PyData NYC 2022

Apache Beam on Dask: Portable, Scalable, Scientific Python (AKA Data Engineering for the Climate)
11-10, 11:00–11:45 (America/New_York), Central Park East (6th floor)

In this introduction to Apache Beam, we’ll discuss ongoing efforts to support Dask – and why you should care as a scientist or data practitioner. We'll talk about how both portability and scalability in data engineering are essential to help address the climate crisis.

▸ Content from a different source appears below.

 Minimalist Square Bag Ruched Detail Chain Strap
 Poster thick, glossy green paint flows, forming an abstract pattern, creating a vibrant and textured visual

In this introduction to Apache Beam, we’ll discuss ongoing efforts to support Dask – and why you should care as a scientist or data practitioner. We'll talk about how both portability and scalability in data engineering are essential to help address the climate crisis. Beam offers a high level way to represent the flow of data, replacing the need for an up-front understanding of low level infrastructure to compute at scale. With a standard programming model that spans execution engines – and even programming languages – we’ll demonstrate how one can pivot from HPC to Big Data systems with minimum code change. To illustrate the motivation behind this work, we’ll dissect the needs of the Pangeo Forge project, an open ecosystem for engineering climate datasets, and discuss why they adopted Beam as a Big Data compiler instead of becoming one. From here, we’ll explore the generality of the Dask and Beam solution to enable composable, scalable, and portable science in Python.


Prior Knowledge Expected

No previous knowledge expected

Alex is a senior software engineer at Google Research focused on democratizing climate & weather data.